The page cache holds in-RAM copies of file data to avoid disk I/O. Linux deliberately fills otherwise-idle RAM with it ("free RAM is wasted RAM"). Clean page-cache pages are reclaimable — the kernel drops them instantly to satisfy a new allocation. So low free is normal; the honest number is available (MemAvailable), which is free memory plus reclaimable cache. Pressure only begins when even that reclaimable pool can't keep up.

Question 4¶

Describe the reclaim cascade as memory fills up, and explain why direct reclaim hurts application latency.
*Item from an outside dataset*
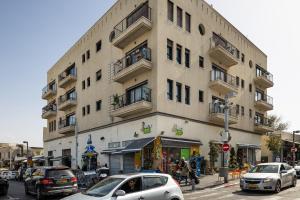 ein hohes Gebäude mit davor geparkt in der Unterkunft 2 Bedrooms Best Location in Jaffa Yafo Near Jaffa Clock Tower in Tel Aviv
When free memory drops below a watermark, kswapd (a background kernel thread) reclaims asynchronously — invisible to the app. If allocations outpace kswapd and memory is needed now, the allocating thread is forced into direct reclaim: it does the reclaim work itself, synchronously, inside the application's own call stack. The thread stalls while the kernel scans pages, writes back dirty data, or swaps. This produces tail-latency spikes with idle CPU and no GC activity — and it hides from application profilers because the time is spent inside the page-fault/allocation path.

Question 5¶

What is thrashing, and why do many production teams disable swap?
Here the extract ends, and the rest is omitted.